# The Birthday Problem.

Recently I am taking a free course online namely stat 110 from Harvard. The course is fantastic mainly because of its instructor Joe Blitzstein and the way he teaches counter intuitive stuff in intuitive manner. Moreover the problems discussed in the lectures are phenomenal but are intricate so in order to understand them properly and as a note to myself I will write about these problems and the underlying principle they are based on.

Okay, So the First problem The Birthday problem.

Statement: There is a party and you have to find the minimum number of people that should attend the party so there is a 50% chance that at least two people will have their birthday on the same day

Solution: Say n people are attending the party so the probability that no pair of people have their birthday on the same day is given by $P(no match) = \frac{365 * 364 * \dots * (365- n + 1)}{365 ^n}$ because the first person can have his birthday on any one of the 365 days. Similarly second person can have his birthday on any day except for the day on which the first person has his birthday. So this give us 364 days and so on for the other people at the party. The multiplication symbol in between the days is obvious from the multiplication rule i.e person A can have his birthday on any of the 365 days and Person B can have his birthday on any of the 364 days, so the number of ways they both can have a birthday is $365 * 364$ and this can generalised further.

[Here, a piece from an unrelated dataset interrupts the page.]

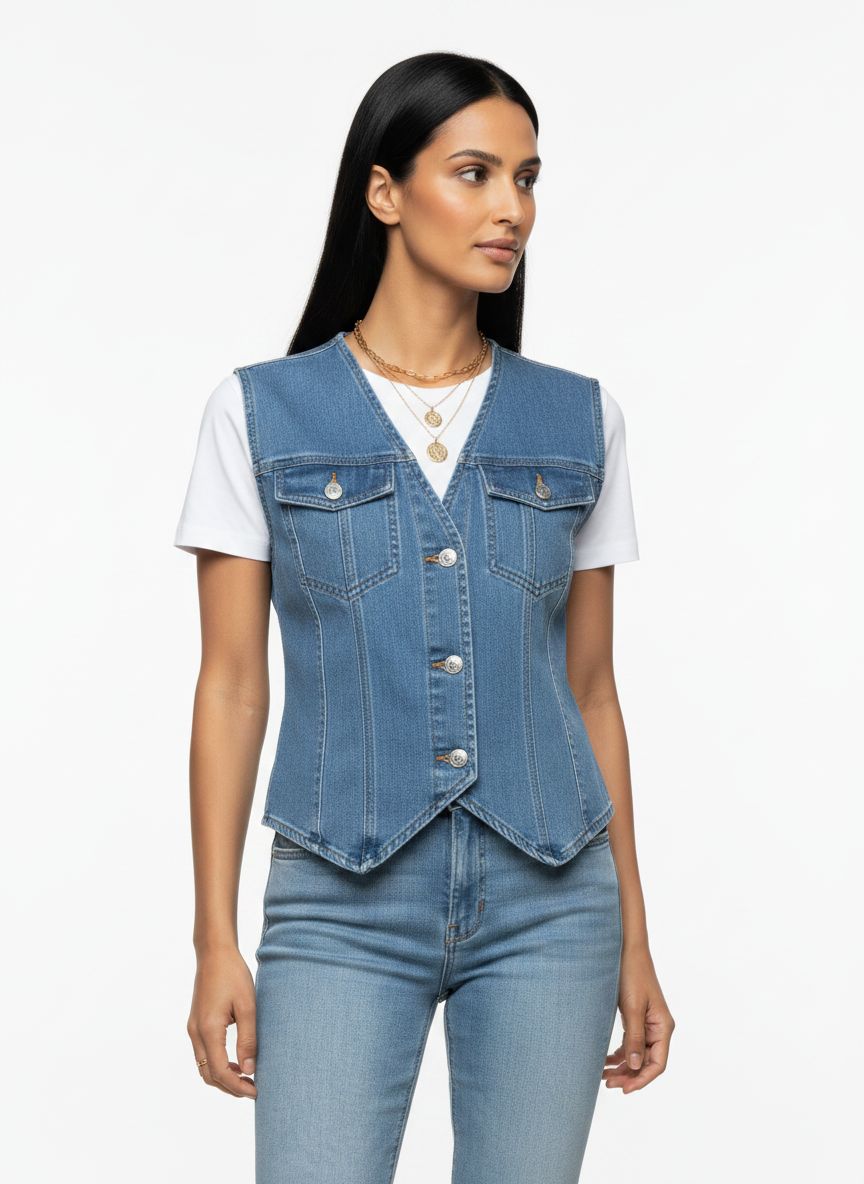 Pocketed Button Up Sleeveless Denim Jacket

At this point we are nearly done, Probability of no match is P(no match), so the probability of match is 1 - P(no match) i.e, $P(match) = 1- P(no match)$ $P(match) = 1 - \frac{365 * 364 * \dots * (365- n + 1)}{365 ^n}$

Now we just have to substitute the various values of n and find the point at which P(match) gets bigger than 0.5.

When we substitute various values of n, it takes a minimum 23 people such that the probability of two people having birthday on the same day is 50%.

INTUITION: The result n=23 seems to be pretty counterintuitive, in the sense that the result says we require a very few people. But the important thing here is pairs of people and not the individual people themselves.

So, with 23 people how many pairs can we form $\binom{23}{2} = 253\ pairs$ now this seems pretty good because out of 253 pairs any one pair can have their birthday on the same date.